Selling Cars and Stuff on Craig's List

I have an old used car to sell, but I’ve never actually done this before. It’s an old car (87 BMW 3 series) and I’m having problems with it, so I don’t want to put a lot of money into selling it, but I don’t want to misrepresent it. On the other hand, if you’re good with cars, it might be a good investment, as I’ve put a lot of parts into it and given it a recent tune up.

I suppose the thing to do is use a free Craig’s list ad, and I wondered if many people here have used this service, and could offer any advice about logistics? Would it be worthwhile to get a gmail account to handle mail/spam? Any useful strategies for screening out nut jobs? I don’t know why, but I just feel as if I’m getting in over my head placing a Craig’s list ad.

Don’t use your normal email, that’s for sure. Have someone with you when a potential buyer comes to see the car and if you don’t like the way he or she looks/acts, tell them that the car just got sold or something.

I’ve had a couple of friends sell their cars using craigslist. They would handle the test drives and final transactions at the local police station. Maybe a bit paranoid for an '87 BMW, but I guess it doesn’t hurt to have a little extra safety.

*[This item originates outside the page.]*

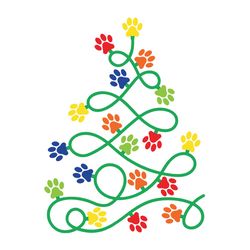Paw Christmas Tree Svg, Paw clipart, Christmas tree clipart, Merry Christmas Svg, Winter Svg, Holidays Svg, Digital file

Holy cow, Genji! That makes perfect sense, but, wow. This feels like back in the day!

Is this the one with the hole in the trunk?

I think it’s the one with the illegal alien embedded in the back seat.

Yeah, the one that got creamed by a trash truck. Should I put a link to my blog, describing the problem?

Yeah, we went that route just recently as we were moving out of country. Definately get a different email address. I only chose to respond to people who were able to use whole sentences, as my imagination associated broken grammar with shifty people with knives under their stained jean jackets.

We had all kinds of inquiries from lowballers to people offering more then my asking. Do not assume anyone is a done deal until you have cash in hand, flakes are aplenty. Do not meet on their terms, do not go out of your way for anybody or you’ll get run ragged. Sell the car ‘as is’. Definately do the cash trade in a public place, preferably swinging by the bank before you lose sight of them. Don’t get flustered and don’t be worried about triple checking money, forms, etc. Most people are great, and nothing will go wrong (I’ve both bought and sold cars off Craigslist) but play it safe.

Again, you can choose the buyer. You don’t have to let them know on the spot.

When I listed my '99 F-150 on Craigslist a while back, most of the responses were from scammers. I didn’t get any serious inquiries until I put it on Autotrader. There was some cash outlay there, but I sold it to the first guy who looked at it, for my full asking price.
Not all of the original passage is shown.